Эскадрилья нарвалась на плотный заградительный огонь. Погиб замкомэска, двое пошли на вынужденную, командир полка выпрыгнул с парашютом. Тот, молодой, которого хотел заменить Чиж, вернулся с перебитой осколком ногой.
Когда Женя Гулак уезжал после демобилизации домой, он признался:
– Течь в радиаторе оказалась вшивой, можно было за полминуты заклепать. Но у меня с утра было дурное предчувствие. Боялся, что больше тебя не увижу.
– Дурак ты, Женя, – обругал его Чиж. – Будь с ними я, может, никто бы не пострадал.
– Нет, ты бы полез в самое пекло, я знаю. Хватит Филимона.
И вот теперь, лежа на раскладушке, отделенный тонкой стеной от своего бывшего техника, Чиж вдруг переполнился благодарностью к этому трудолюбивому доброму человеку.
Да разве на такой грани он раскачивался лишь единожды? Сколько пуль и осколков пролетело мимо, в одном сантиметре от него? Сколько вмятин он насчитал в бронеспинке, сколько пробоин привозил в крыльях и фюзеляже. Как-то осколок зенитного снаряда начисто срезал задник сапога, пятка голая вылезла. И только однажды сталь Круппа вонзилась в плечевую кость.

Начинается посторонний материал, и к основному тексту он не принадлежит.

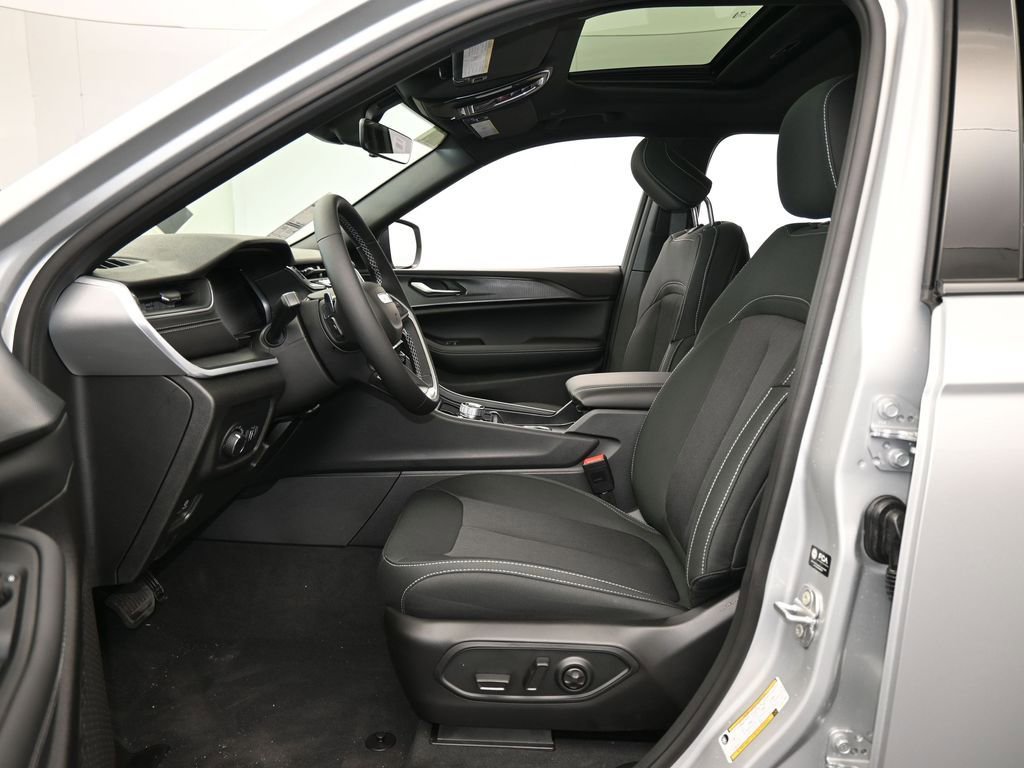 New 2026 Jeep Grand Cherokee Laredo X image 12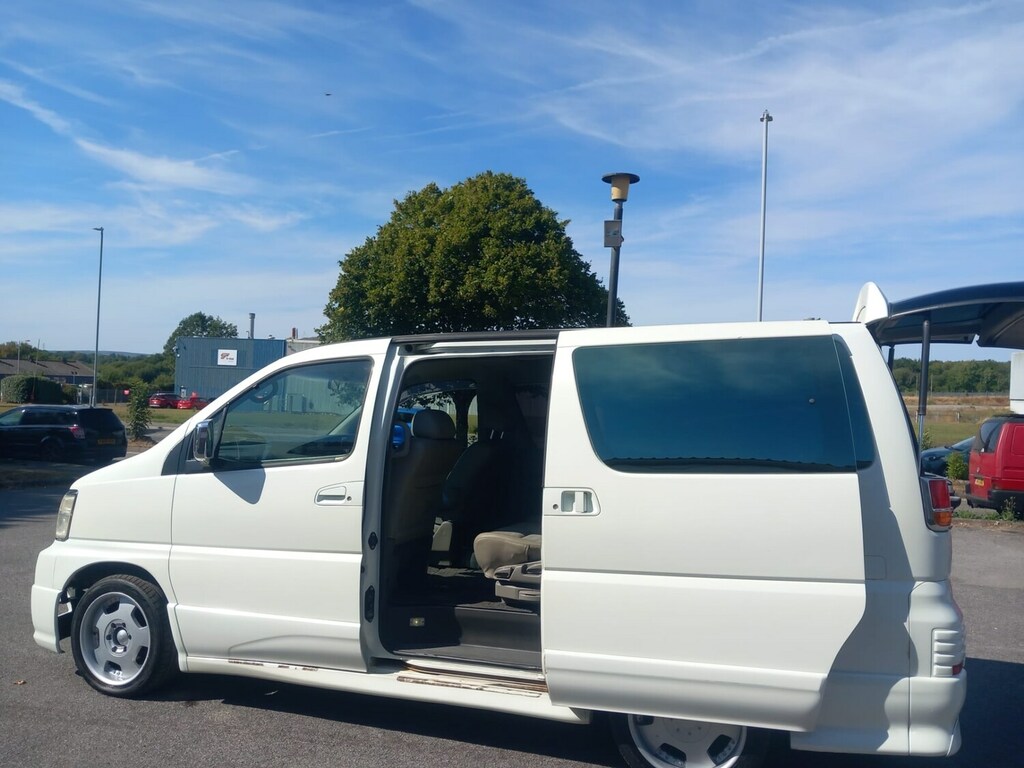 Nissan Elgrand 3.5 Very Nice Condition Part Exchange Bargain White #6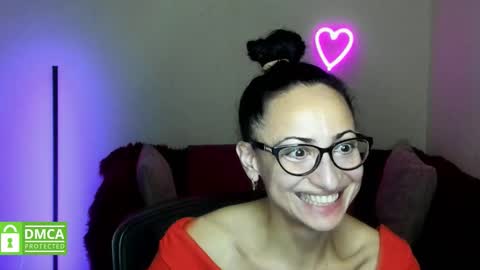 Arianna online show from October 8, 2025, 6:38 pm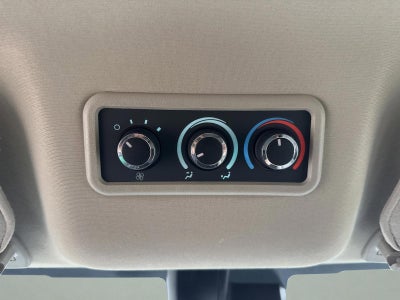 2023 Chevrolet Express Passenger 3500 1LT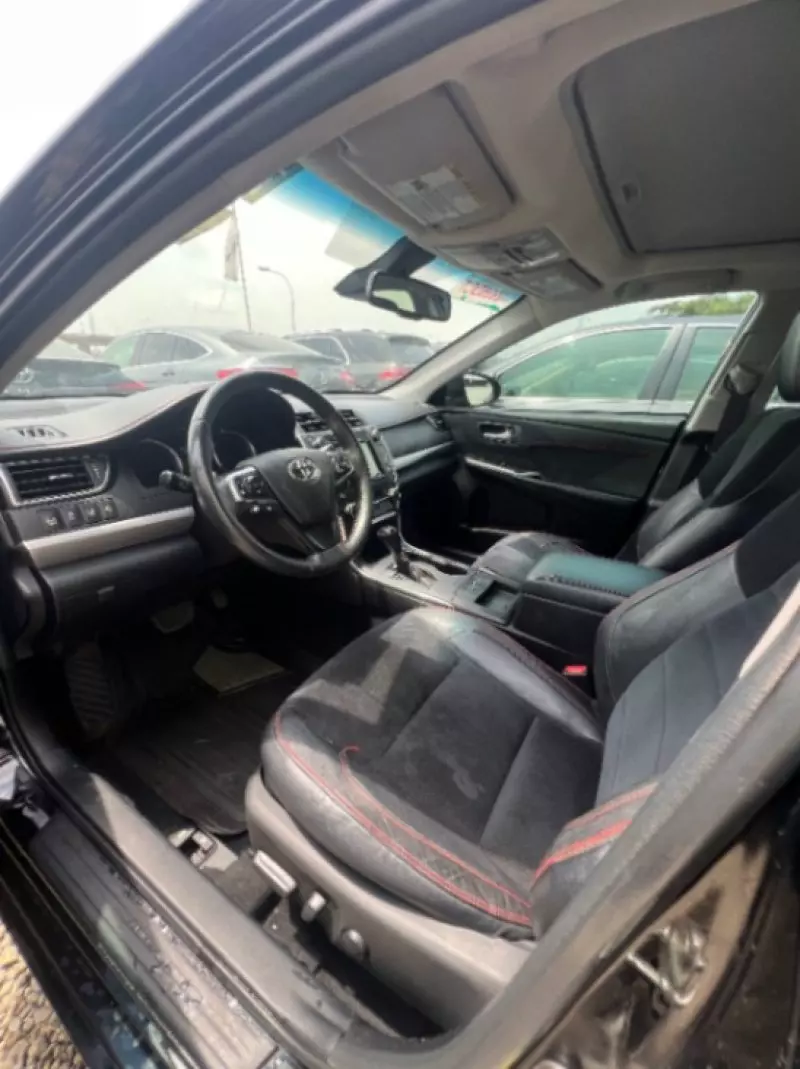 TOYOTA Camry   - 2017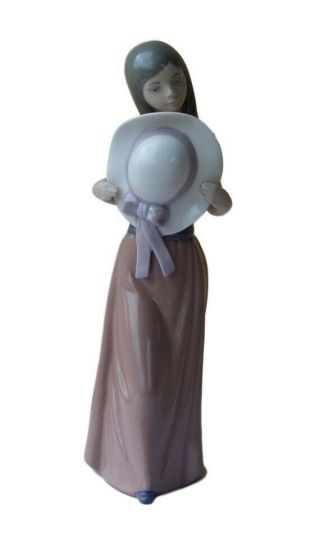 Vintage Lladro Porcelain Figurine 5007 Bashful Girl W/ Hat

Чиж встал тихонько, чтобы никого не разбудить. Женька приехал из Пулкова поздно (он и теперь технарит у самолетов, только гражданских), пусть поспят в выходной. Очень тихо захлопнул за собою дверь и вышел во двор. В одном из уголков стояли в очереди женщины с авоськами, возле окошка поблескивали батареи бутылок. Вот откуда, значит, неслись в форточку загадочные звуки. Прием стеклотары.
Не зная, каким воспользоваться транспортом, Чиж пошел к Невскому пешком. У Аничкова моста он задержался. Уж больно хороши были бронзовые кони в рассветных сумерках. Дважды осмотрел скульптуры. В сторону Московского вокзала один за другим, звеня и постукивая на стыках колесами, мчались трамваи, доехать теперь можно быстро, и Чиж не спешил. Зашел в одну из открывшихся столовых, выпил кофе с сайкой, попросил у буфетчицы конфет.
Он так и не сел в трамвай. Пошел пешком. На углу Невского и улицы Рубинштейна наткнулся на цветочный киоск и купил гвоздики. Переходя Литовский проспект, с улыбкой подумал, что уже вторые сутки его жизнь течет в каком-то бессмысленном потоке. До встречи с Ольгой он каждую минуту своего бытия словно вдыхал в себя, как кислород, все стремился запомнить – смех Женькиных девочек, вкус молока, узор воронихинской решетки возле Казанского собора, витрину обувного магазина, запах воды в Фонтанке, толщину гранитных колонн Исаакиевского собора, голос трамвайной кондукторши… И вдруг все это заслонилось скуластеньким лицом с припухлыми губами, перекинутой через плечо косой, строгим взглядом еще совсем детских глаз. Заслонилось и потекло мимо сознания, будто эти часы и минуты стали ненужными в его жизни, будто отсчет прожитого начнется с того мгновения, когда стрелки часов на башне Московского вокзала покажут девять.